Another orphan, 16-year-old Blessing Enuwa from Benue State, also admits going through some grueling times. According the girl who lost her father at the age of three and mother, three years ago, she had to fend for the family while caring for her mother who suffered from ‘kidney failure’.

“When she was alive, I usually take my mum to the hospital for her check-ups and dialysis,” she said. “Though it affected my studies I was hoping that my efforts would not be in vain but after everything to God be the glory, we lost her,” she stated. Currently, Blessing who passed out of secondary school, not too long ago, keeps two jobs: that of a teacher in a not-too-popular private school apart from being an apprentice tailor.

“It is not really easy but I believe that I will survive with my academics and moral efforts,” she added. “I am a secondary school teacher. I take JSS 1-3 in Math, Social Studies and CRK while I take SS1 in CRK. I am also learning tailoring skills. I see it as a good thing to have a handwork I can be doing instead of relying on what comes from home. I want to be able to boast of a skill, something that will make me independent,” she stated.
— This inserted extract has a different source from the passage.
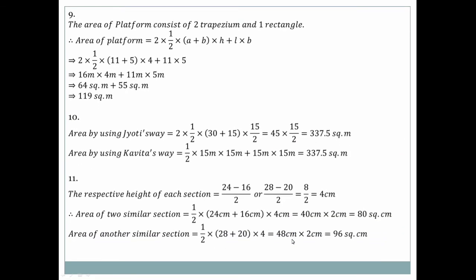Question number nine: Area of platform = two trapeziums + one rectangle. Two × half × (a + b) × h + L × B = (11 + 5) × 4 + 11 × 5. Sixteen × 4 = 64 square meters, plus 11 × 5 = 55 square meters. Total = 64 + 55 = 119 square meters.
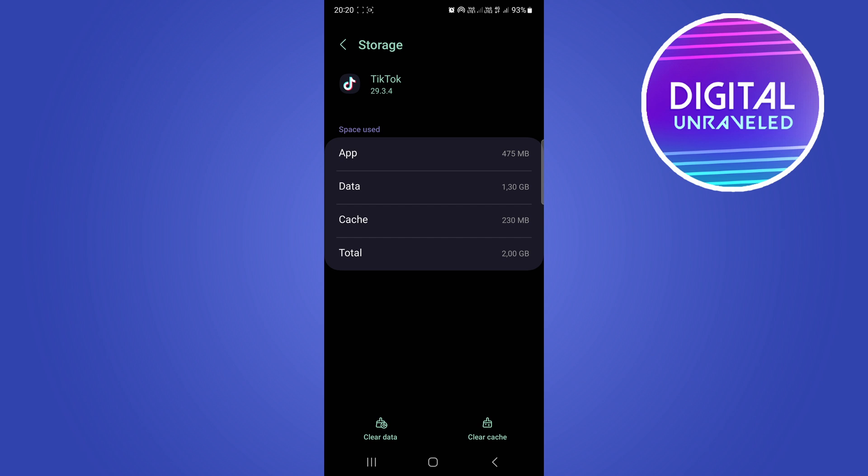It's 1.3 gigabytes. But you want to be careful when deleting the data because that can delete some of your drafts and stuff like that. You don't want that. So what you want to actually do is tap on this clear cache button right here.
Njoku Chibuzor Daniel, another orphan, told Saturday Sun of how he had to sit at the dining table listening to the horrible tale of how his father was found dead in a gutter. The Imo State indigene narrated how his mother could not bear the death of their father until she gave up the ghost. “My dad died when I was in Primary 3 in 2007 and two years later, my mum followed,” he said soberly. “He was an engineer. On that day, he had an appointment and told my mother that he wanted to fix a gas cylinder problem for a client. But on his way home, he slumped and died. My mother loved my father so much that the frustration and sufferings that ensued after my father’s death led to my mum’s death two years later as she developed high blood pressure. My mother cried almost everyday until she gave up the ghost. Life became hell for me; people always pitied my situation and that made me sad the more.” It affected not only his daily living but also his chance of bettering his life through education, as there was no one to pay his school fees.

Getting help from unexpected quarters

That is the same story with Raheem Sunday who recently secured an admission to study in his state-owned university, Ekiti State University. Like Njoku, he also lost both parents at a tender age. According to him, he felt it much on “Open Days” when parents and guardians usually visit schools to see how their wards are doing and to interact with their teachers but in his own case there would be nobody coming to check on his schoolworks.

“I didn’t know I would go to school after the death of my parents,” he said. “When I was in SS3, Touch-A-Life scholarship came up and I was among the eight selected students. After the exams and interviews, I was awarded scholarship. When I was in SS2, my sister talked me into choosing a handiwork and the plan was to start learning it immediately after my SS3 exams so that I can have something doing and at the same time be able to save some money to go to school. I actually chose aluminum but the scholarship paved a faster and better way. It was my brother who helped me out. He ran around to source for the money I used in registering for the exams although I didn’t quite understand what they were all about. My initial choice was medicine and surgery.”

Actually, the last two, Raheem and Daniel, who secured admission to read Biological Science in a university on a scholarship, wouldn’t have been able to make it in life, via education, but for such opportunity, provided, free of charge, by Touch-A-Life Foundation, founded by a sweet hearted lady called Bose Durojaye. According to her, there brilliant students she has come across some in her journey to improving and equip public schools.

“These children are not asking for too much, they just want to break away from that background they are coming from, that background that suggests that they are going nowhere,” she said. “Many of them have done well academically especially towards gaining admission into institutions of higher learning and they are prepared to have an alternative. My observation is that they want to break away from poverty and become something in future. They want to become decent and responsible.”